INPUT DATA>

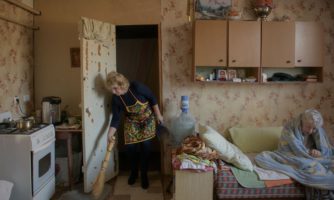 Російське вторгнення змушує літніх людей із інвалідністю жити в ізоляції та забутті — нова доповідь Amnesty International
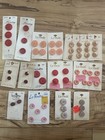 Vintage Pink And Red Buttons La mode, Le bouton, La. Petite, Streamline, Lansing — photo 1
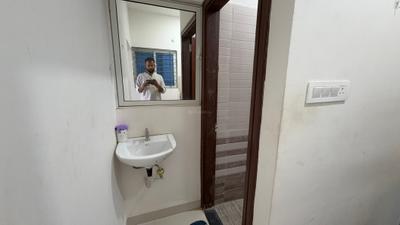 Bathroom Image of 350 Sq.ft 1 RK Builder Floor for rent in Mahalakshmi Nagar Indore for Rs. 12500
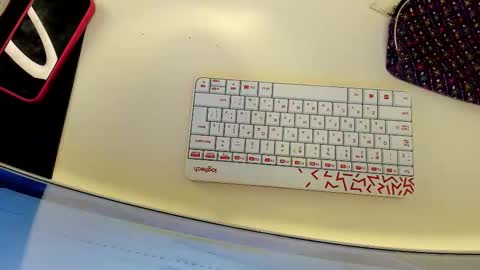 Snapshot of effiemur chatting on February 26, 2026, 9:03 pm Effie Mur online show from February 26, 2026, 9:03 pm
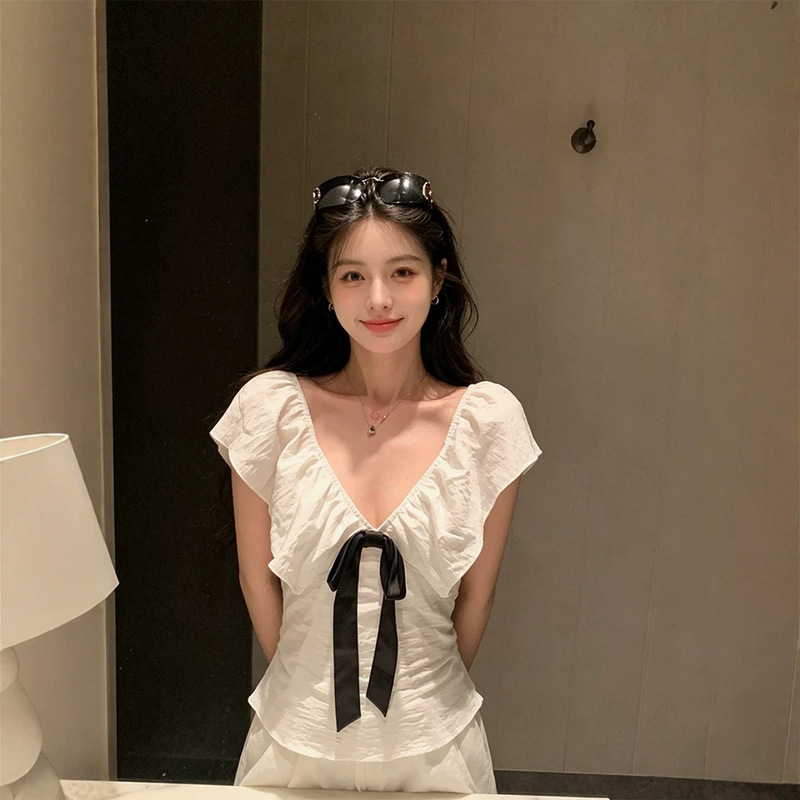 Garden Butterfly Deep V-Neck Tie Bow Ruffle Short Sleeve T-Shirt for Women Summer Slim Fit Versatile Top Garden Butterfly Deep V-Neck Tie Bow Ruffle Short Sleeve T-Shirt for Women Summer Slim Fit Versatile Top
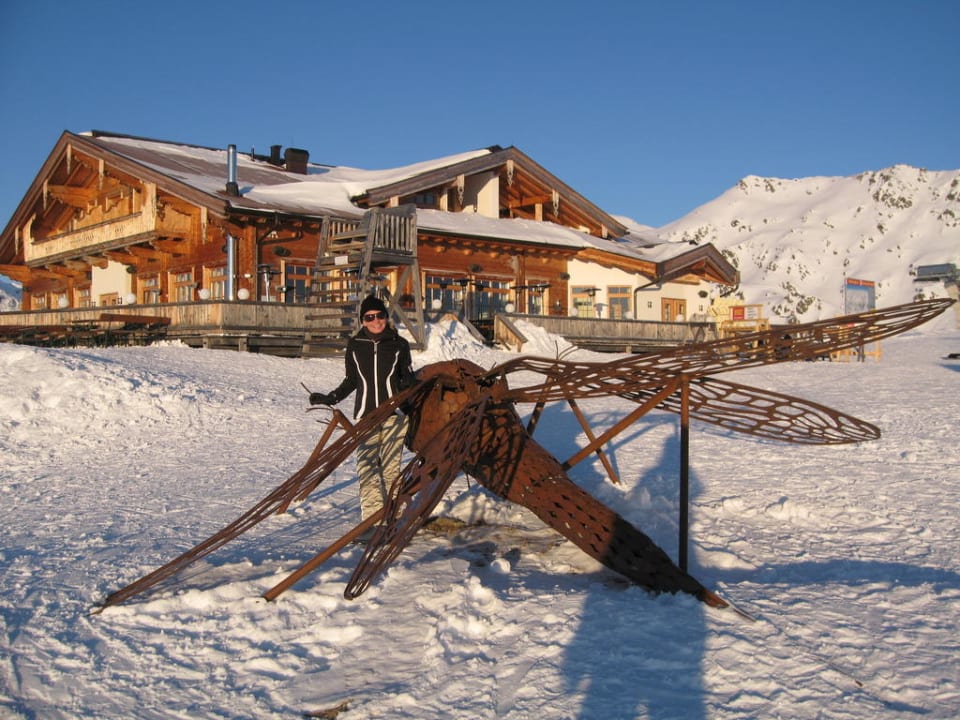Mit Skulptur Kristallhütte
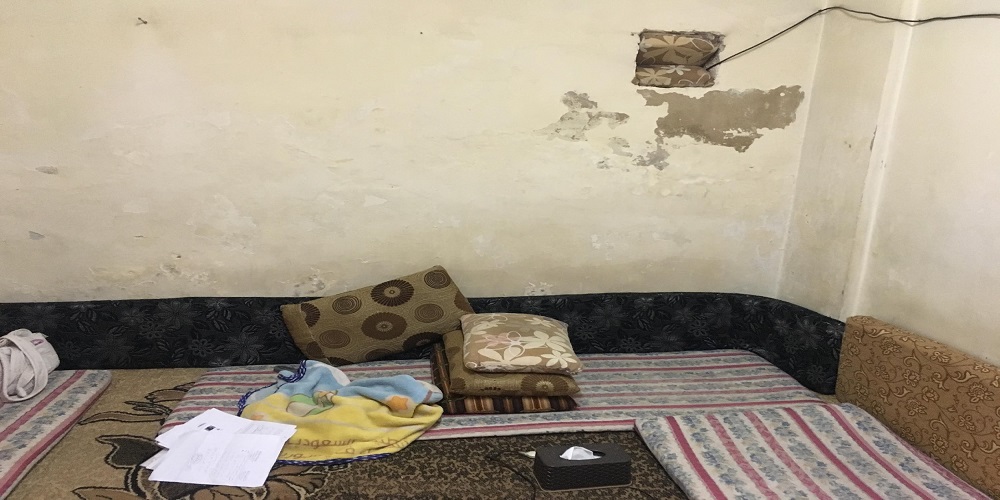 غرفة ندى في مخيم البقعة: الجدران متشققة كما الأرواح – (حفريات)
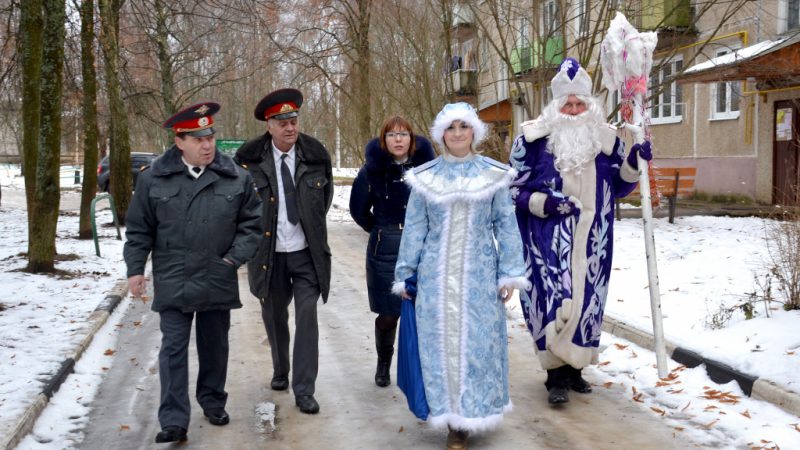 «Полицейский Дед Мороз» поздравил 18 семей милиционеров и полицейских в Рузском округе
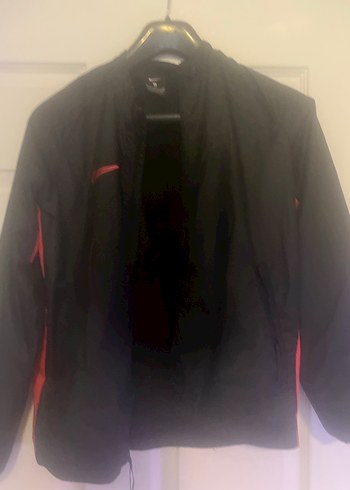 Kız Çocuk Siyah Yüksek Yakalı Ceket nıke orijinal ürün yağmurluk - Görsel 2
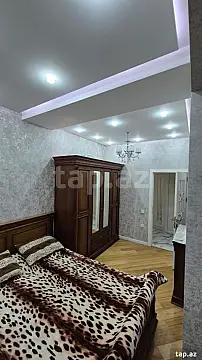 Satılır 3 otaqlı yeni tikili 82 m²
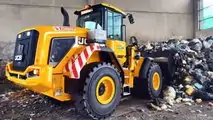 foto Pala gommata JCB 427 HT nei servizi integrati Te.Am. a Teramo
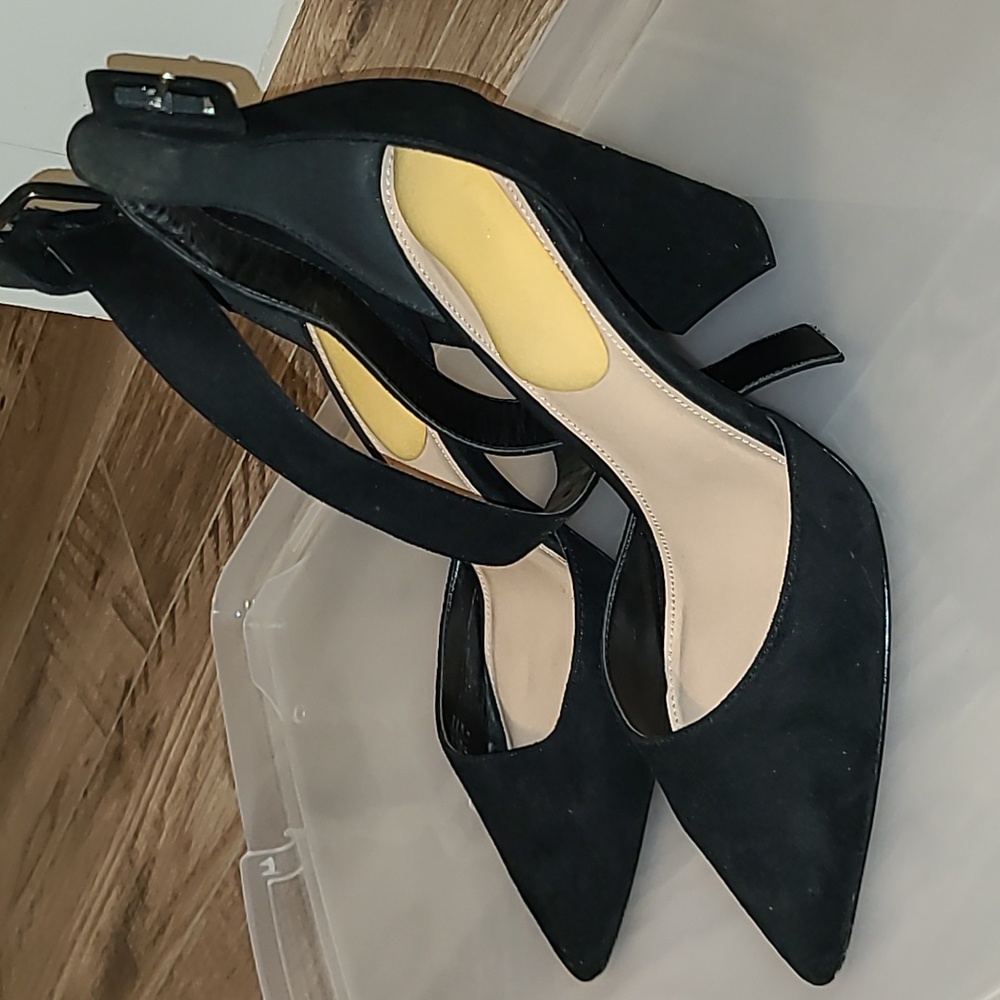 High Heels - Picture 3 of 4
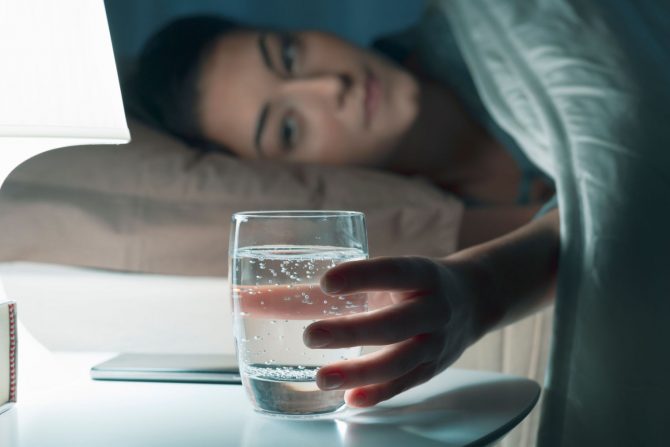 čaša vode pre spavanja
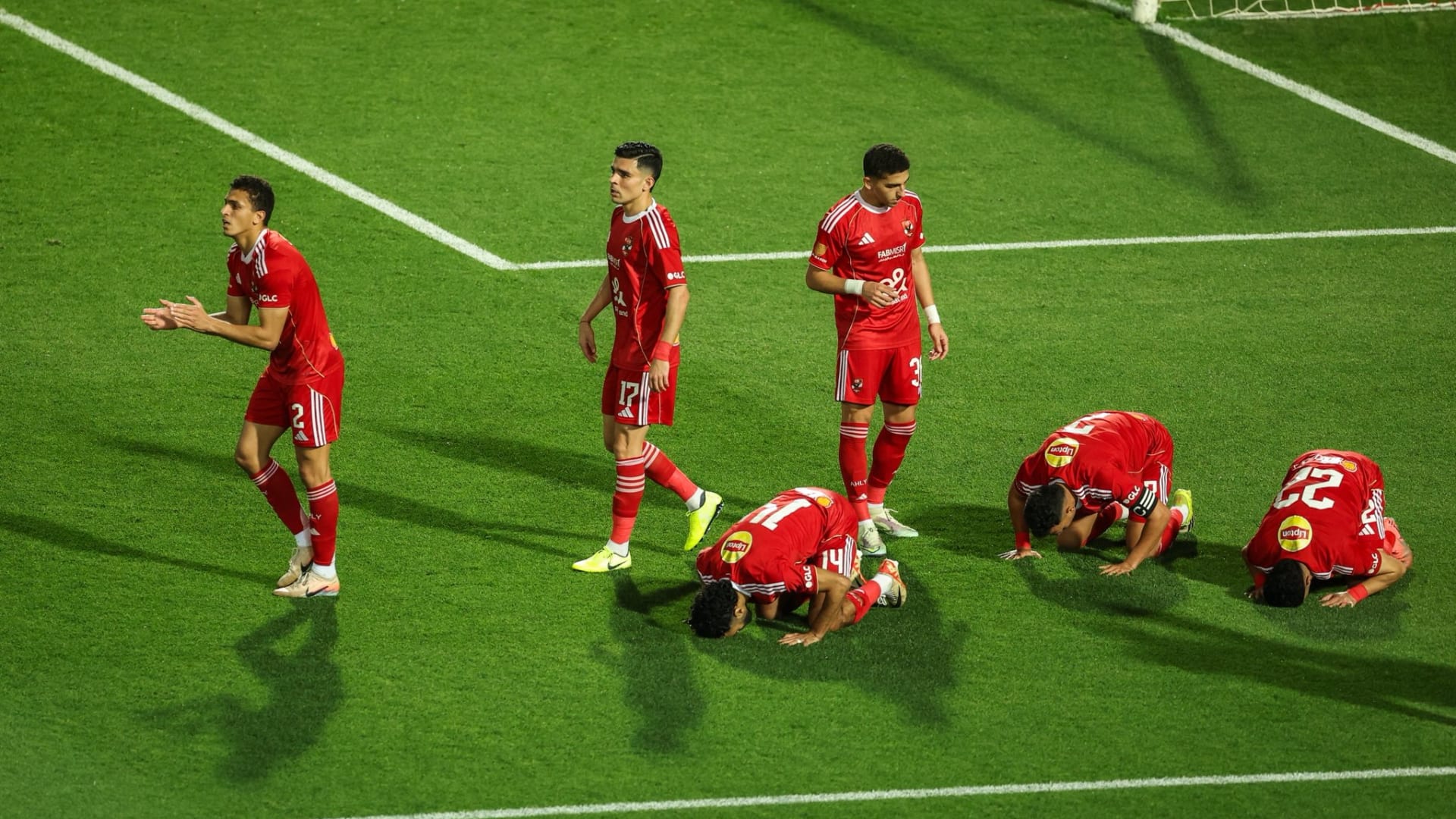 الأهلي "يقسو" على الزمالك بثلاثية.. كيف أصبح ترتيب الدوري المصري؟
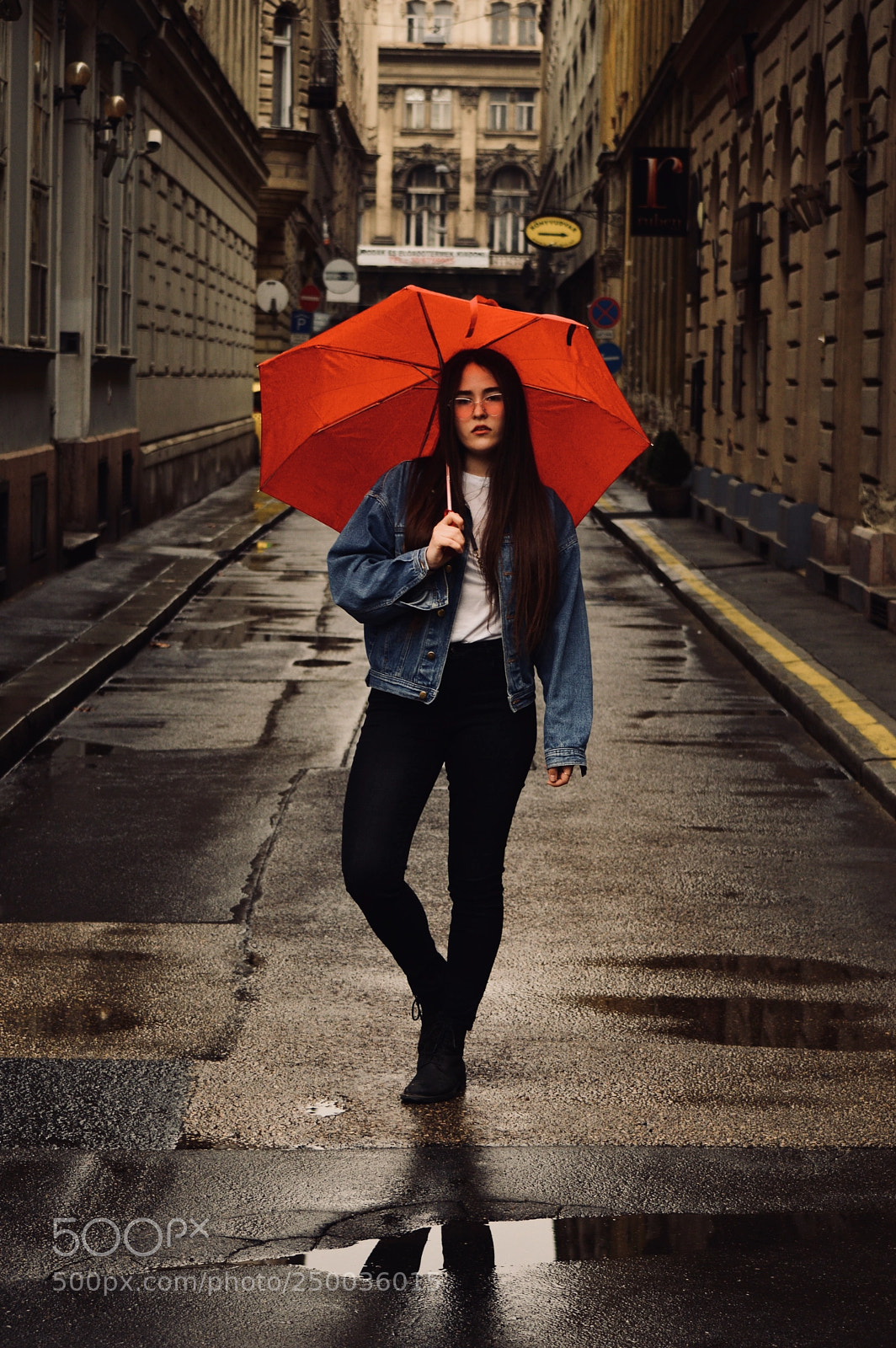 Nikon D3200 sample photo. Rainy vintage charm photography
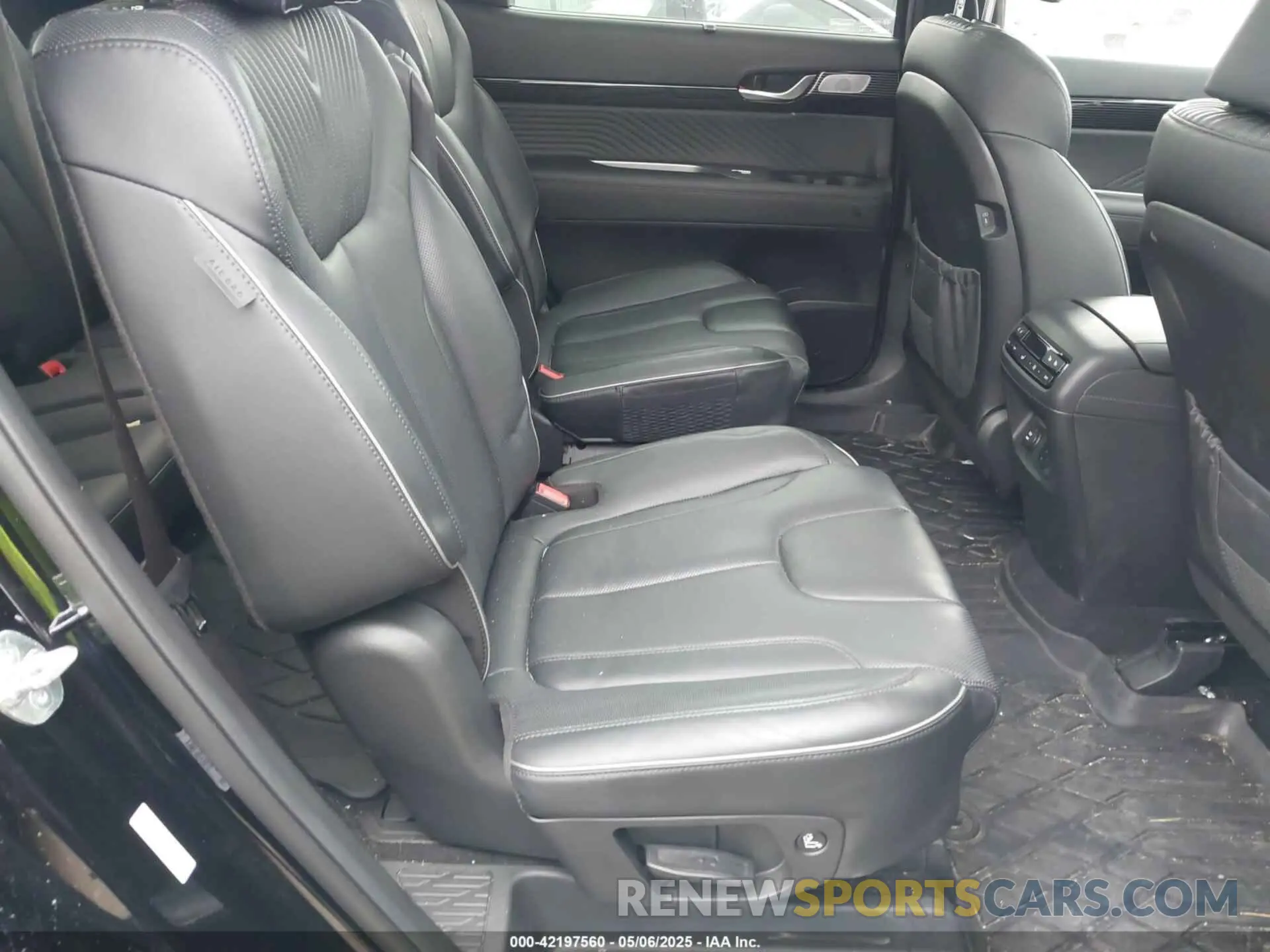 8 Photograph of a damaged car KM8R7DGE8RU745060 HYUNDAI PALISADE 2024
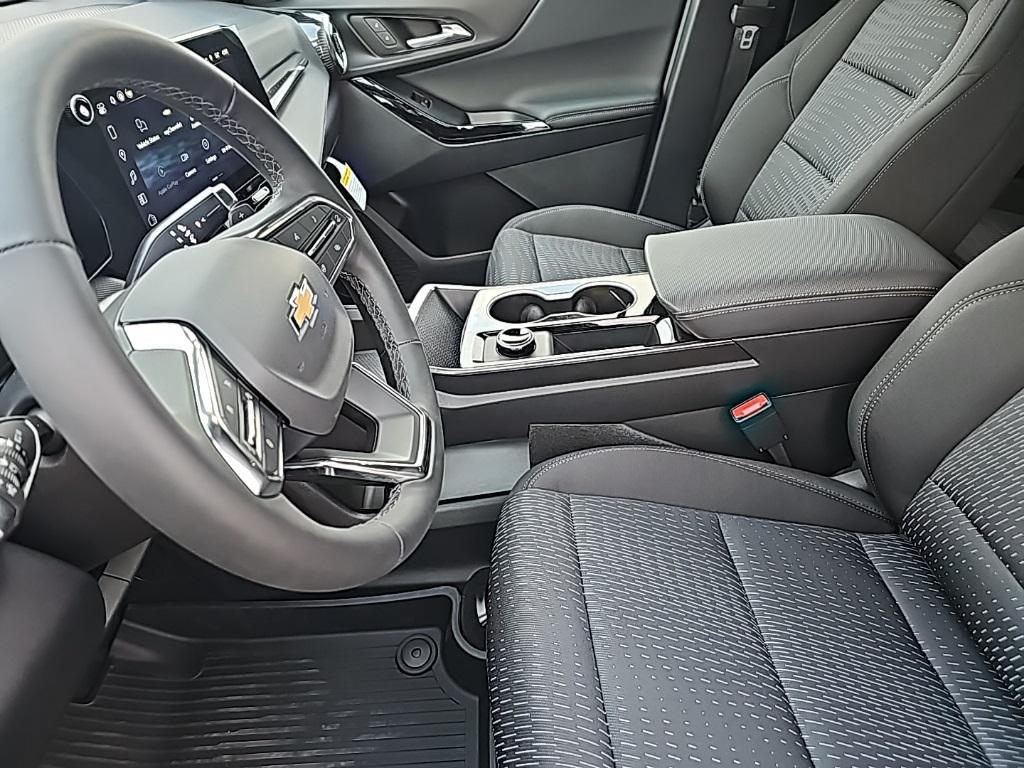 new 2026 Chevrolet Equinox car, priced at $33,160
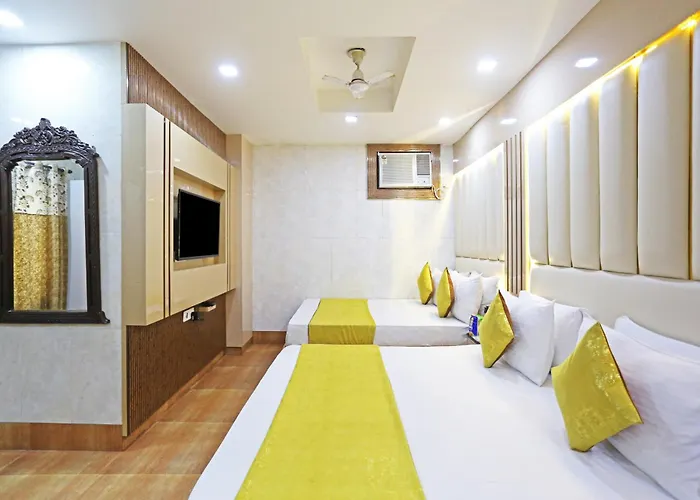 Hotel Preet Palace -5 Mints Walk From Nizamuddin Railway Station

TASK GOAL>
Would you please write out exactly the lines between the line containing "Versatile Top Garden" and the last line of the listing above, inclusive, without pictures?

TASK RESPONSE>
 Garden Butterfly Deep V-Neck Tie Bow Ruffle Short Sleeve T-Shirt for Women Summer Slim Fit Versatile Top Garden Butterfly Deep V-Neck Tie Bow Ruffle Short Sleeve T-Shirt for Women Summer Slim Fit Versatile Top
Mit Skulptur Kristallhütte
 غرفة ندى في مخيم البقعة: الجدران متشققة كما الأرواح – (حفريات)
 «Полицейский Дед Мороз» поздравил 18 семей милиционеров и полицейских в Рузском округе
 Kız Çocuk Siyah Yüksek Yakalı Ceket nıke orijinal ürün yağmurluk - Görsel 2
 Satılır 3 otaqlı yeni tikili 82 m²
 foto Pala gommata JCB 427 HT nei servizi integrati Te.Am. a Teramo
 High Heels - Picture 3 of 4
 čaša vode pre spavanja
 الأهلي "يقسو" على الزمالك بثلاثية.. كيف أصبح ترتيب الدوري المصري؟
 Nikon D3200 sample photo. Rainy vintage charm photography
 8 Photograph of a damaged car KM8R7DGE8RU745060 HYUNDAI PALISADE 2024
 new 2026 Chevrolet Equinox car, priced at $33,160
 Hotel Preet Palace -5 Mints Walk From Nizamuddin Railway Station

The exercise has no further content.